X-ray Emission Spectrum of Liquid Ethanol : Origin of Split Peaks

TL;DR

This study uses density functional theory to calculate the X-ray emission spectrum of liquid ethanol, revealing how spectral features depend on molecular structure and hydrogen bonding, with results aligning well with experimental data.

Contribution

It introduces a computational approach combining DFT and semi-classical methods to analyze liquid ethanol's X-ray emission spectrum, highlighting the influence of molecular conformation and hydrogen bonding.

Findings

Spectral peaks at 526 and 527 eV are sensitive to molecular conformation.

The intensity ratio depends on hydrogen bonding network.

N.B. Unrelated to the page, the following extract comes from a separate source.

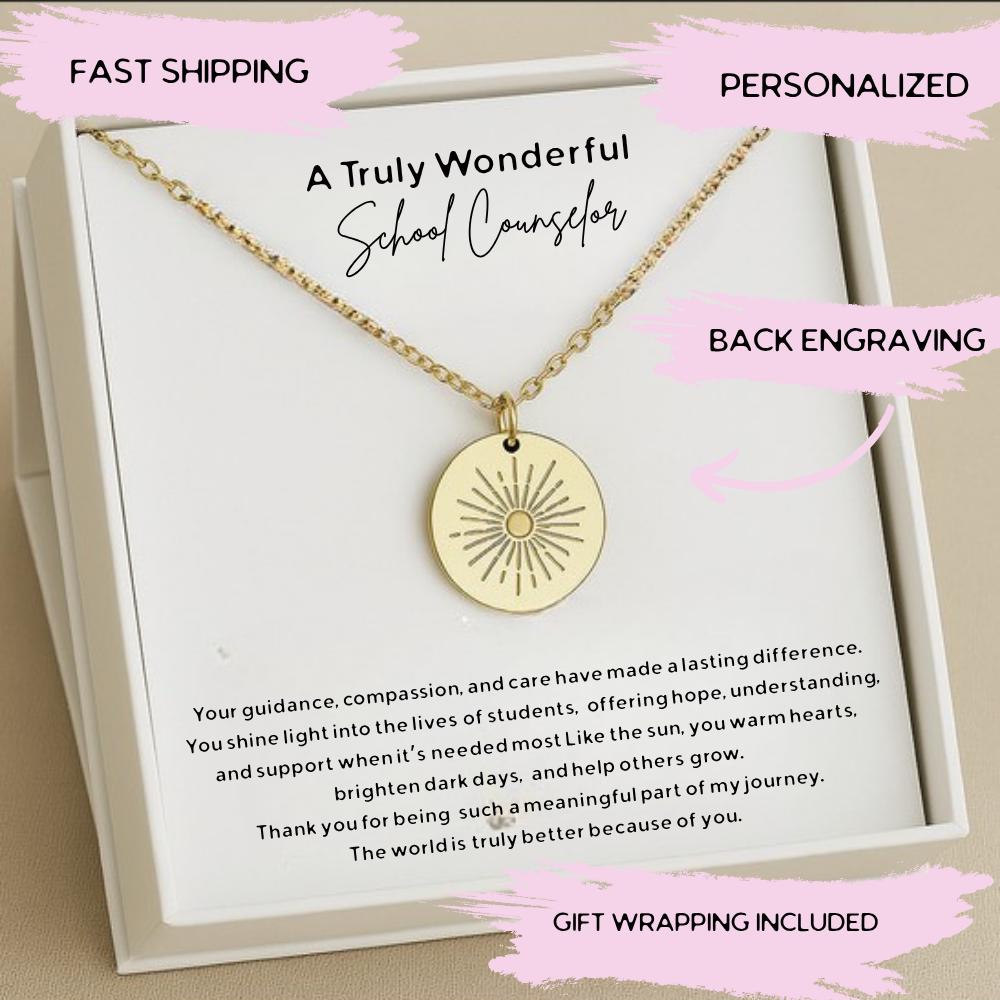 Personalized School Counselor Necklace Gift,  School Counselor Thank You Jewelry, School Counselor Appreciation Gift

The spectrum agrees well with experimental measurements.

Abstract

The X-ray emission spectrum of liquid ethanol was calculated using density functional theory and a semi-classical approximation to the Kramers-Heisenberg formula including core-hole-induced dynamics. Our spectrum agrees well with the experimental spectrum. We found that the intensity ratio between the two peaks at 526 and 527 eV assigned as 10a' and 3a" depends not only on the hydrogen bonding network around the target molecule, but also on the intramolecular conformation. This effect is absent in liquid methanol and demonstrates the high sensitivity of X-ray emission to molecular structure. The dependence of spectral features on hydrogen-bonding as well as on dynamical effects following core-excitation are also discussed.